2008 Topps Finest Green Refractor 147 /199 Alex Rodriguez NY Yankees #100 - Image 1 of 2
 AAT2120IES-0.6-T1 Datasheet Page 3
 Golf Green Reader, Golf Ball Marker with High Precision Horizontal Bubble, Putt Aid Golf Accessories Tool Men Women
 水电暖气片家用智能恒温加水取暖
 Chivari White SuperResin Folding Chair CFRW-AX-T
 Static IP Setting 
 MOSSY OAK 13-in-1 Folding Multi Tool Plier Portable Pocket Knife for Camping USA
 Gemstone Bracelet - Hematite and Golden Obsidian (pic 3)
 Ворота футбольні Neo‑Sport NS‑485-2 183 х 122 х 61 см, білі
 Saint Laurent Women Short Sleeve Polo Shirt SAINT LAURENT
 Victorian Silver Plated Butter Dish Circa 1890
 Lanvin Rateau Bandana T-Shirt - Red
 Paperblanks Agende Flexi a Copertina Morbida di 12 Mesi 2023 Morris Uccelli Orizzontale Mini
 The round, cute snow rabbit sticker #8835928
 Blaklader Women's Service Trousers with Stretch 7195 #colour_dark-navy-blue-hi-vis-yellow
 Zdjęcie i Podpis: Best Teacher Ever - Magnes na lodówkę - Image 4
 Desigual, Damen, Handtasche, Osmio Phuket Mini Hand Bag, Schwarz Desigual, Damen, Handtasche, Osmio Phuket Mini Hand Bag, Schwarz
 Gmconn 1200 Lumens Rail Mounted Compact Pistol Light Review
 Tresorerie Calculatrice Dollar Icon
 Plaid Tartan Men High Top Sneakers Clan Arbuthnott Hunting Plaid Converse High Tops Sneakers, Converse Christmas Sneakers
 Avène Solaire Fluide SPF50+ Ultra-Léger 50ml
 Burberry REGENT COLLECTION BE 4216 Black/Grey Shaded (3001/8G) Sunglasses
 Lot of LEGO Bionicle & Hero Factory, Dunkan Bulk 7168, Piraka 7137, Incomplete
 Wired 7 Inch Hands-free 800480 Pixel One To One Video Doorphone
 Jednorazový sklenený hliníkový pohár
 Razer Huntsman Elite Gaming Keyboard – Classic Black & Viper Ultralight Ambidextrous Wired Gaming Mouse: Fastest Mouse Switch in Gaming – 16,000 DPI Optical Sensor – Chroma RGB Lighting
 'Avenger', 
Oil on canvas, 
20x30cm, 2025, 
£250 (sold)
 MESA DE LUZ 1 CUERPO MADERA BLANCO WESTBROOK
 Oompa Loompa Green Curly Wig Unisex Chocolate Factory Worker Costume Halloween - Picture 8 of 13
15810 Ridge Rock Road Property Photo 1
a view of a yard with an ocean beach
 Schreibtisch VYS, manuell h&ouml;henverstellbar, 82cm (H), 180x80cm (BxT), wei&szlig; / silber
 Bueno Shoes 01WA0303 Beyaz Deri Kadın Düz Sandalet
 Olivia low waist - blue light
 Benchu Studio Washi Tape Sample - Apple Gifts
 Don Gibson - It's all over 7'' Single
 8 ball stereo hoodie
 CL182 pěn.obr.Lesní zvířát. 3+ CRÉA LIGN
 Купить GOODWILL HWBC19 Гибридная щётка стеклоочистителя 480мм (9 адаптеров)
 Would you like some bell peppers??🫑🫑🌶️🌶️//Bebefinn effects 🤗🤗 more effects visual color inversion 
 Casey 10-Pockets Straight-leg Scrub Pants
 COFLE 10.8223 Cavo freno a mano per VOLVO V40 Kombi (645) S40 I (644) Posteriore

→ EXERCISE DESCRIPTION
In the entries above, identify every line with the string "Mini".

→ OUTPUT OF THE EXERCISE
 Paperblanks Agende Flexi a Copertina Morbida di 12 Mesi 2023 Morris Uccelli Orizzontale Mini
 Desigual, Damen, Handtasche, Osmio Phuket Mini Hand Bag, Schwarz Desigual, Damen, Handtasche, Osmio Phuket Mini Hand Bag, Schwarz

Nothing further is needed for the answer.